>>>>
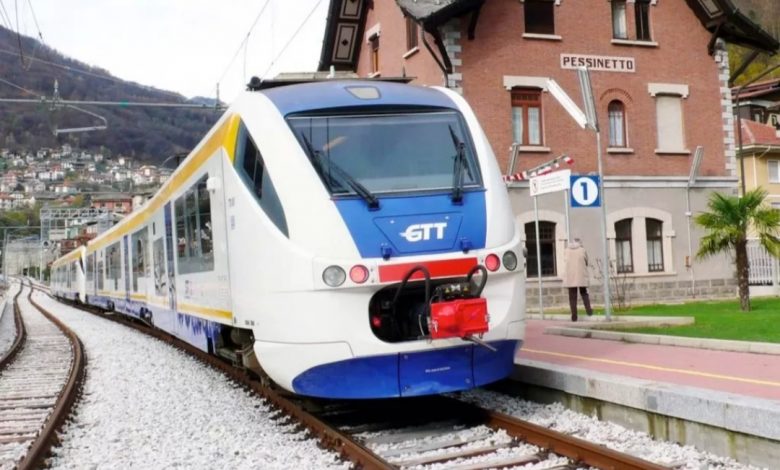 Trasporti, dopo diciotto mesi tornano i treni della Torino-Ceres a Venaria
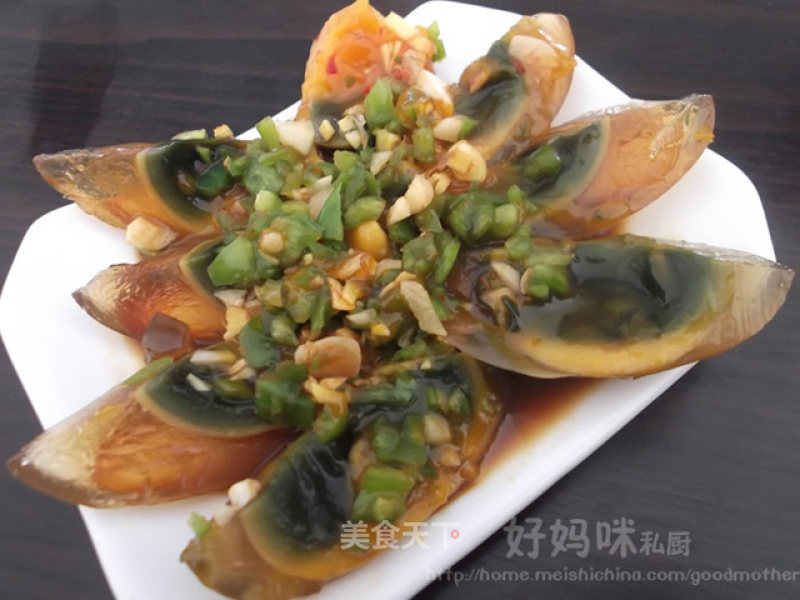 Preserved Eggs with Green Peppers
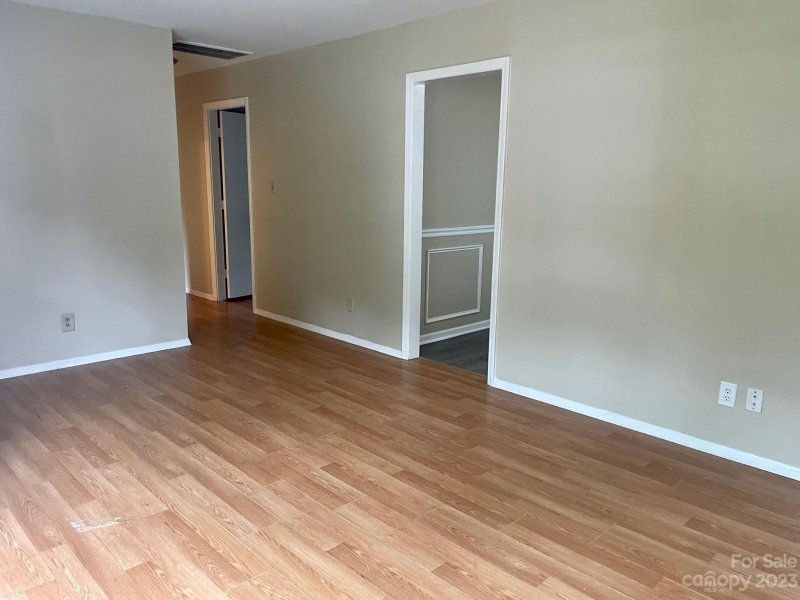 Property image 4 at 436 Edgegreen Drive, Charlotte, NC 28217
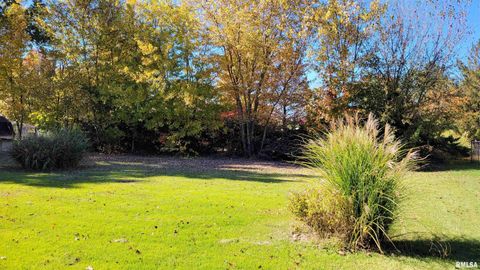 Tiny photo for 202 Westernaire Drive, Marion, IL 62959 (MLS # EB460584)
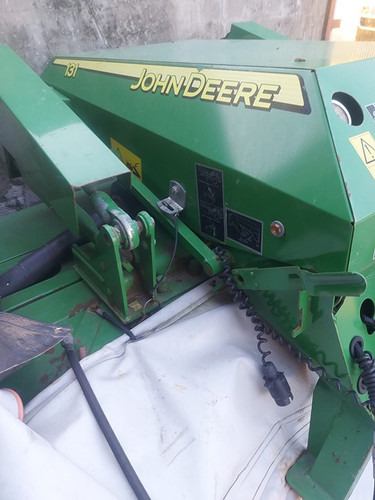 John Deere 131 - Faucheuse: photos 5 John Deere 131 - Faucheuse: photos 5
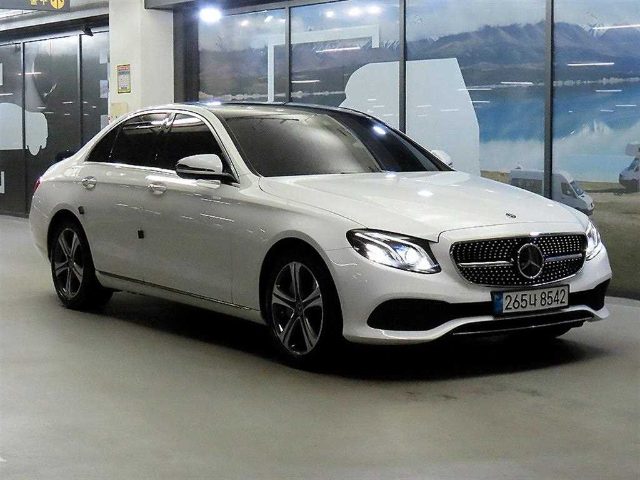 2020 Mercedes-Benz E-Class W213 E300 아방가르드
<<<<
#### [WHAT THE EXERCISE ASKS]
Without including the pictures, copy all of the data exactly.

#### [WRITTEN REPLY]
 Trasporti, dopo diciotto mesi tornano i treni della Torino-Ceres a Venaria
 Preserved Eggs with Green Peppers
 Property image 4 at 436 Edgegreen Drive, Charlotte, NC 28217
 Tiny photo for 202 Westernaire Drive, Marion, IL 62959 (MLS # EB460584)
 John Deere 131 - Faucheuse: photos 5 John Deere 131 - Faucheuse: photos 5
 2020 Mercedes-Benz E-Class W213 E300 아방가르드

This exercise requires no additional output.